OLEH AIZUL AZWINAR, putri asal Pante Garot, santriwati Dayah Baitul Ihsan, dan Mahasiswi IAIA Samalanga, melaporkan dari Samalanga, Bireuen
Di Aceh, masyarakat menyebut ‘dayah’ sebagai lembaga pendidikan agama Islam swasta yang sudah sangat masyhur. Kecamatan Samalanga, Kabupaten Bireuen, merupakan salah satu wilayah di Aceh yang banyak kita dapati dayah atau pesantren.
Saat ini, saya menimba ilmu agama di Dayah Baitul Ihsan Al-Hanafiah. Lokasinya di Desa Kampong Putoh. Sebuah dayah yang berdiri di antara impitan Dayah Ummul Ayman, Dayah Putri Muslimat, dan Dayah Mudi Mesra.

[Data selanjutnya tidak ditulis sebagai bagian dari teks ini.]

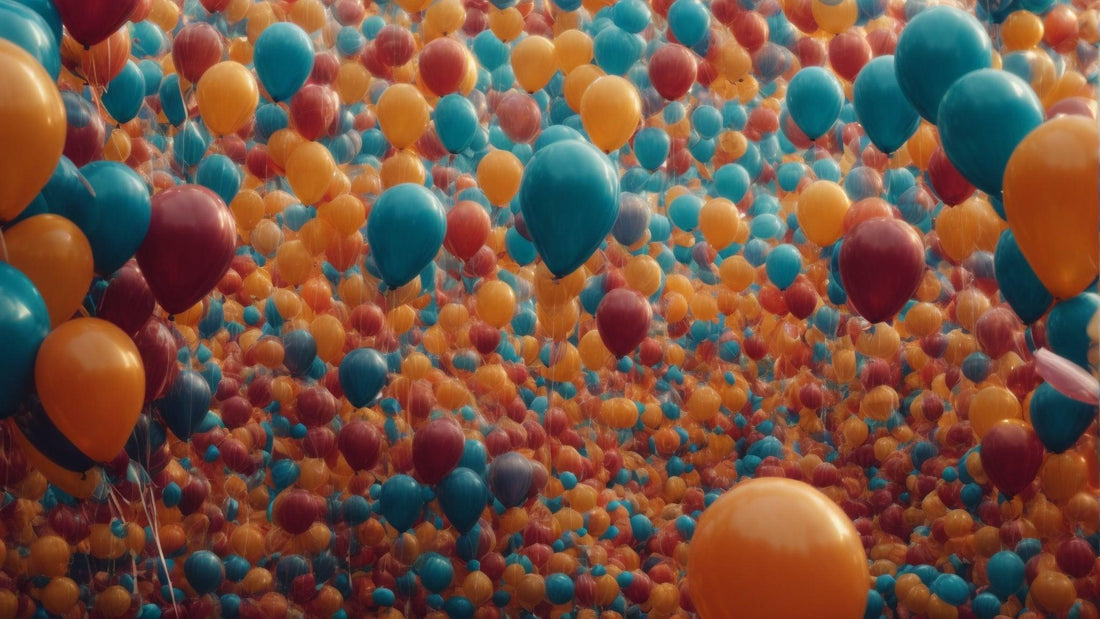 Vibrant celebration with hundreds of orange, blue, and red balloons floating indoors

Dayah dengan bangunan yang terlihat berupa bangunan rumah biasa saja ini didirikan oleh sosok perempuan bersama suami dan keluarga besarnya yang sangat peduli terhadap pendidikan agama. Hal ini juga sangat wajar mengingat dalam jiwa beliau-beliau ini mengalir darah ulama. Dayah ini berdiri sejak medio tahun 2015 M/1436 H di bawah pimpinan Tgk H Abdul Wahab BA (Abati) dan Ummi Hj Zainab (Tu Zainab).
Uniknya, dayah ini dikhususkan bagi wanita. Selain belajar ilmu agama melalui kelas nonformal, santriwati di sini juga diizinkan untuk belajar ilmu formal berupa kuliah di Institut Agama Islam Al-Aziziyah (IAIA) yang berjarak sekitar 200 meter dari dayah ini.

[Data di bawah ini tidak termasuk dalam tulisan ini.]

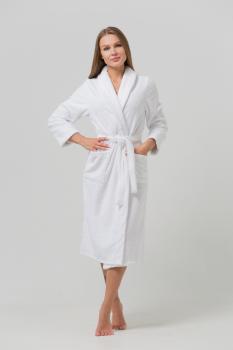 Женский классический махровый халат с шалькой (Белый)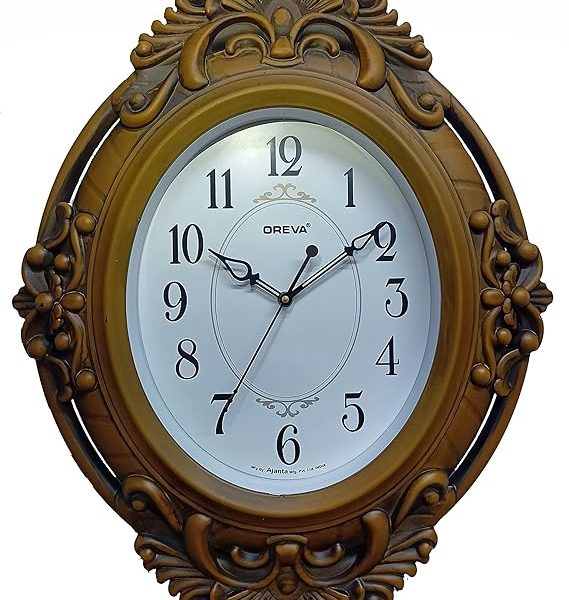 Plastic Wooden Look Unique Sweep Design Silent Wall Clock (40 x 5 x 50 cm, D Wood, AQ-7437SS)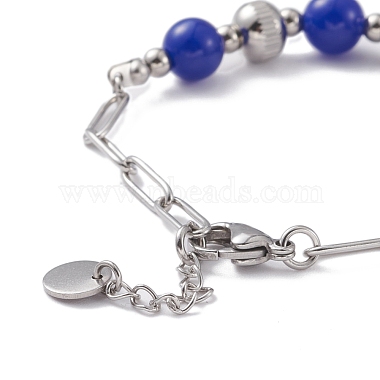 Bracelet rond en perles de pierres mélangées pour fille femme(BJEW-F418-06)-3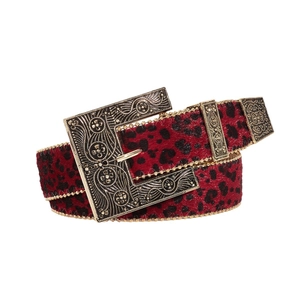 Ceinture léopard vintage avec boucle dorée en relief et bordure à billes dorées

Ada banyak tujuan didirikannya dayah ini. Di antaranya untuk menjaga santriwati dari pengaruh dunia bebas luar. Selain itu, juga untuk menjadikan santriwati Dayah Baitul Ihsan sebagai pejuang agama yang berbasis kepada kepribadian yang baik lagi berkarisma, dan intelektual yang agamis.
Aktivitas santriwati
20 Juni 2020 Masehi. Itulah pertama kalinya saya menginjakkan kaki di tanah Baitul Ihsan ini. Jantung berdebar kencang seolah-olah kehidupan berubah drastis kala itu. Ya, berbeda sekali dengan kehidupan saya ketika di kampung, mulai dari memejamkan mata malam hari hingga membuka mata esoknya.
Tentu, banyak hal yang saya hadapi ketika awal-awal berada di kehidupan dayah. Di sini, subuh hari misalnya, suara alunan gayung menjadi satu-satunya alarm untuk membangunkan santriwati. Beberapa petugas membangunkan santriwati dengan penuh kesabaran. Kami menyebut mereka dengan panggilan ‘haritsah’, bahasa Arab yang berarti ‘petugas’.
Pemandangan mulai berbeda dari semenjak santri membuka mata. Mereka berlomba-lomba memburu keran air untuk berwudu. Menuju ke keran tersebut, ada sebagian santriwati yang berjalan sempoyongan. Setelah itu, kami langsung ke mushala untuk khatam Quran sembari menunggu azan subuh. Setelah shalat Subuh berjamaah kami langsung beranjak ke ruang dan balai masing-masing dengan aktivitas mengaji subuh, berupa pengajian Quran. Namun, ada juga beberapa santriwati pagi-pagi begitu sudah bertugas menyapu, membersihkan kompleks dayah, sebagai khidmat kepada dayah yang terus diawasi oleh pengontrol kebersihan.